I'm a big fan of Alastair Reynolds's novels (but particularly the Revelation Space series) so the concept of a medium-future space opera is an enticing one. Most SF tends to be 5 minutes from now or way way in the future so this is atypical, set in a time of colonization of the inner planets, with more sporadic industrial colonization of the outer planets and their moons. Due to environmental collapse due to global warming, Africa as emerged as a major power, and the main characters are black sheep members of the very rich and successful Akinya family making lots of money out of space tech. Doing a favour for his yuppie-ish cousins, Elephant behavioural scientist Geoffrey Akinya is sent on a treasure hunt around the solar system after artefacts left by the fearsome and recently deceased family matriarch Eunice, whose adventures around the solar system started the whole thing off.
Kobna Holdbrook-Smith does another fantastic narration job here. He can do an old Chinese lady talking to a young African boy and put you in the conversation, without it seeming like an episode of Allo Allo.
"I think I liked it."
Yes, but not every friend. They would have to like rollicking adventure mixed with (mostly) hard sci-fi and not mind the occasional plot hole. I'm friends with people like that.
I liked the scenes on the moon, particularly with the genetic zoo keeper characters.
Well it has, and I was happy to spend more time with the Akinya family.

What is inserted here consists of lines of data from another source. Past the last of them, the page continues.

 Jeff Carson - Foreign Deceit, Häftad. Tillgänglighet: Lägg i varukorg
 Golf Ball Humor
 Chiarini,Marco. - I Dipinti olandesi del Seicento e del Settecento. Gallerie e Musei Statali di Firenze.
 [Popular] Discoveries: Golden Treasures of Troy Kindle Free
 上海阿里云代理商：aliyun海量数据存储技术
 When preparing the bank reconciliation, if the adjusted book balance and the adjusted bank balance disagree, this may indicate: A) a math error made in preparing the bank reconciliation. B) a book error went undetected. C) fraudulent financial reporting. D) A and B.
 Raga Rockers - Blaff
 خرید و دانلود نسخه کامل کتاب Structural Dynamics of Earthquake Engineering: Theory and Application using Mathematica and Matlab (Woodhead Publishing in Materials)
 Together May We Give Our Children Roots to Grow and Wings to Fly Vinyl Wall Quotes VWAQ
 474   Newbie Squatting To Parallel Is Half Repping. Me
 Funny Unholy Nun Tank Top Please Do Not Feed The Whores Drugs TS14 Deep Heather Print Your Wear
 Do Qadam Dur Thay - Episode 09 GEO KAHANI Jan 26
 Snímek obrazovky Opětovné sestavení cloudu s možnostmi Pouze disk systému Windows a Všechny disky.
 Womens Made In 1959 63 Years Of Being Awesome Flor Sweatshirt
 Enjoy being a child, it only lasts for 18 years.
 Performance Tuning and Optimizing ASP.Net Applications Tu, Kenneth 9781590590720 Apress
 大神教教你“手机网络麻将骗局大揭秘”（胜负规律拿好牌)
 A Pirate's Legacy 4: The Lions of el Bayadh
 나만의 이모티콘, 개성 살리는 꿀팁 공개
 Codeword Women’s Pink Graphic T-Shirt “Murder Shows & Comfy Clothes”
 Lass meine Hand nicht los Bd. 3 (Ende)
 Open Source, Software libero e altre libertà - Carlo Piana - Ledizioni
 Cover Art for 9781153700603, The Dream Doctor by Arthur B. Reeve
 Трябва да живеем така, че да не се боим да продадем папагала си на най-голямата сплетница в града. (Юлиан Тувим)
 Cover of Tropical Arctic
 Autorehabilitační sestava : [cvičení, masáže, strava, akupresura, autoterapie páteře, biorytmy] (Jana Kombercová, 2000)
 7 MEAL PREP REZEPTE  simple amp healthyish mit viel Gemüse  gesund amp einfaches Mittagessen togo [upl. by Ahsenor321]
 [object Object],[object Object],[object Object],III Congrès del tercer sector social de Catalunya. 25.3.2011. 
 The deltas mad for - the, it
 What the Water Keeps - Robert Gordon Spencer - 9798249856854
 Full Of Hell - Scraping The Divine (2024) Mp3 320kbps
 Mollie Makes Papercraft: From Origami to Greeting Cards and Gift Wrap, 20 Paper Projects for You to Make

I really liked Kobna Holbrook-Smith's narration...eventually. It probably took me about a third of the book to get used to his unusual style but once I did I loved the quirky voice choices and caramel tones.
"A great book well narrated"
I really enjoyed this. Its on par with Reynold's better works such as Pushing Ice or House of Suns. The narration is great and I haven't a clue why there are so many negative reviews about it. If you're in doubt listen to the sample.
"Great story, excellent narration"
Having previously heard all of Alastair Reynolds' novels on Audible and greatly enjoyed John Lee's narration I was initally put off by some of the negative reviews of Kobna Holdbrook-Smith's work. I shouldn't have worried; he really brings the characters in this book to life in a way that I don't think John Lee could have achieved in such a convincing way.
Although the story doesn't have the star-striding scale of some of Alastair Reynolds' other works, this is a more human tale that lays the groundwork for two more novels that no doubt will see humankind reach the stars. I can't wait...
"Not up to par"
I wanted to love this but it failed to grab me in the same way all his other books have. The sense of a massive galactic world has been lost and i no longer feel immersed within a space opera.